Berlin : Forum Steglitz wird Familiencenter

Bis Mitte 2006 investieren die Eigentümer 40 Millionen Euro in den Umbau

Im Forum Steglitz an der Steglitzer Schloßstraße haben dessen Betreiber gestern den Umbau für 40 Millionen Euro gestartet. Mit symbolischen Hammerschlägen begannen Abrissarbeiten im Untergeschoss des zweitältesten Berliner Einkaufszentrums, das vor 35 Jahren eröffnet hatte. Die Modernisierung soll bis Juni 2006 dauern.

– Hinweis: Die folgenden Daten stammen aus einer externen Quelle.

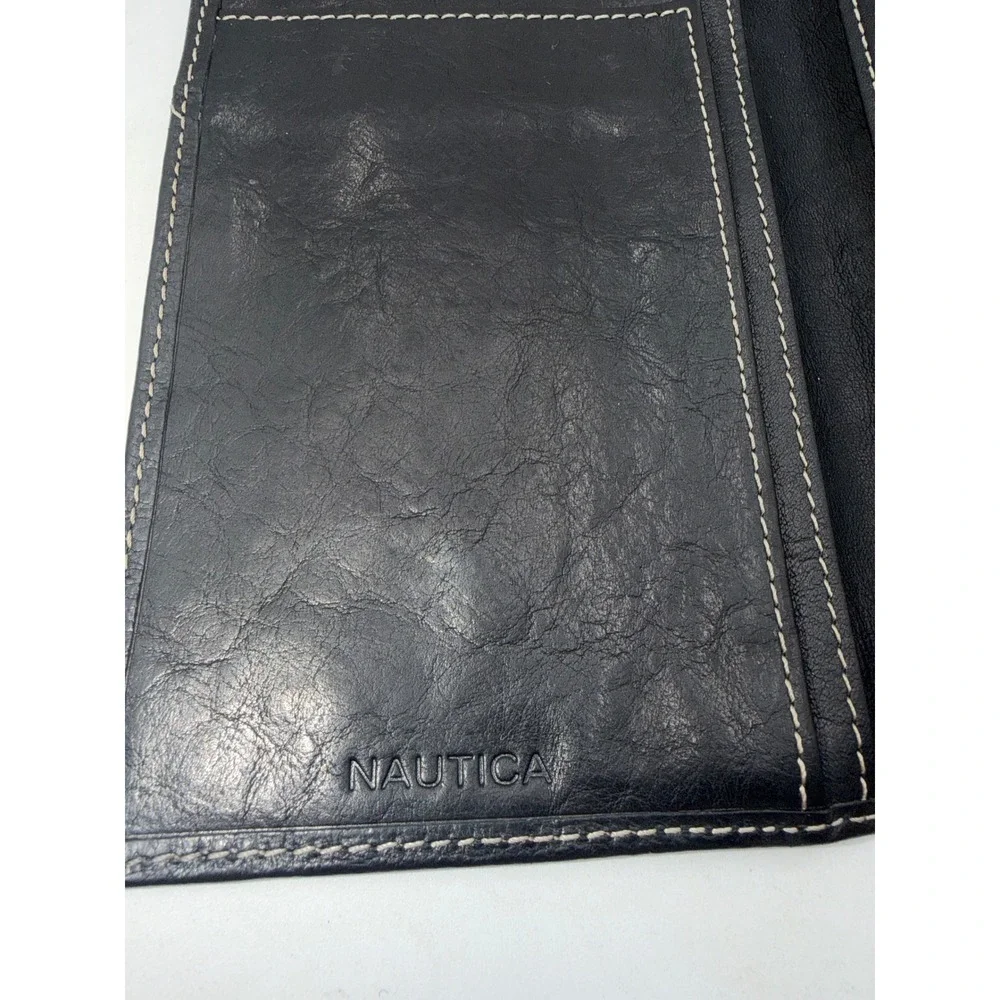 Nautica Mens Black Leather Trifold Checkbook Wallet with Contrast Stitching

Erste Vorarbeiten laufen seit Anfang Mai. Deshalb mussten die mittelständischen Lebensmittelhändler im „Born-Markt“ im Erdgeschoss bereits ihre Stände schließen; ab August soll es für sie neue Flächen im Untergeschoss geben. Statt einer Markthalle wird es künftig jedoch Ladenräume geben, um Geruchsbelästigungen zu vermeiden.

Wie viele der Markthändler zurückkehren, steht noch nicht fest. Mit einem Teil von ihnen wurden laut Centermanager Heiner Hutmacher inzwischen neue Verträge geschlossen.

Nach und nach werden alle fünf Verkaufsetagen umgebaut. Manche Geschäfte werden das Center verlassen; die meisten der bisher 65 Ladenmieter ziehen aber lediglich ab Juni innerhalb des Hauses um, damit der Verkauf trotz der Arbeiten weitergehen kann.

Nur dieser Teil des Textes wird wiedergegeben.